Exercise:
Print every line of the data exactly as shown.

---- Input material

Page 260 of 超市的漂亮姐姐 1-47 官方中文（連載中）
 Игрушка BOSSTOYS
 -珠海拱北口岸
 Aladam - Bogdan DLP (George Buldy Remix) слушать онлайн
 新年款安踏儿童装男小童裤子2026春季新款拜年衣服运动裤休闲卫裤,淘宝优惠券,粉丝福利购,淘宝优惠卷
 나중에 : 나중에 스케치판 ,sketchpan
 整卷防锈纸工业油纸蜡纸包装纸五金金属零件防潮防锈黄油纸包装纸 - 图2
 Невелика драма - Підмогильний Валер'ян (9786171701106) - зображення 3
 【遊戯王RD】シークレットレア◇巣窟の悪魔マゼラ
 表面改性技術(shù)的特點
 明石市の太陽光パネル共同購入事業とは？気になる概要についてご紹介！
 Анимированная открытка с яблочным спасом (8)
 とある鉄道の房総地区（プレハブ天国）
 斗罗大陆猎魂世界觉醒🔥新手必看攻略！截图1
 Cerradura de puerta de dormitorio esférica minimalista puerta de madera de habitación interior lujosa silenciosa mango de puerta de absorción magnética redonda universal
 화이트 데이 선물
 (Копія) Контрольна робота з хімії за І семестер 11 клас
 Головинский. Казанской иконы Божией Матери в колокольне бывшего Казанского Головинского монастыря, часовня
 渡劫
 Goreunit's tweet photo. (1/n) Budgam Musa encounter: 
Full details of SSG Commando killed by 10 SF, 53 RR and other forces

--------

Output:
Page 260 of 超市的漂亮姐姐 1-47 官方中文（連載中）
 Игрушка BOSSTOYS
 -珠海拱北口岸
 Aladam - Bogdan DLP (George Buldy Remix) слушать онлайн
 新年款安踏儿童装男小童裤子2026春季新款拜年衣服运动裤休闲卫裤,淘宝优惠券,粉丝福利购,淘宝优惠卷
 나중에 : 나중에 스케치판 ,sketchpan
 整卷防锈纸工业油纸蜡纸包装纸五金金属零件防潮防锈黄油纸包装纸 - 图2
 Невелика драма - Підмогильний Валер'ян (9786171701106) - зображення 3
 【遊戯王RD】シークレットレア◇巣窟の悪魔マゼラ
 表面改性技術(shù)的特點
 明石市の太陽光パネル共同購入事業とは？気になる概要についてご紹介！
 Анимированная открытка с яблочным спасом (8)
 とある鉄道の房総地区（プレハブ天国）
 斗罗大陆猎魂世界觉醒🔥新手必看攻略！截图1
 Cerradura de puerta de dormitorio esférica minimalista puerta de madera de habitación interior lujosa silenciosa mango de puerta de absorción magnética redonda universal
 화이트 데이 선물
 (Копія) Контрольна робота з хімії за І семестер 11 клас
 Головинский. Казанской иконы Божией Матери в колокольне бывшего Казанского Головинского монастыря, часовня
 渡劫
 Goreunit's tweet photo. (1/n) Budgam Musa encounter: 
Full details of SSG Commando killed by 10 SF, 53 RR and other forces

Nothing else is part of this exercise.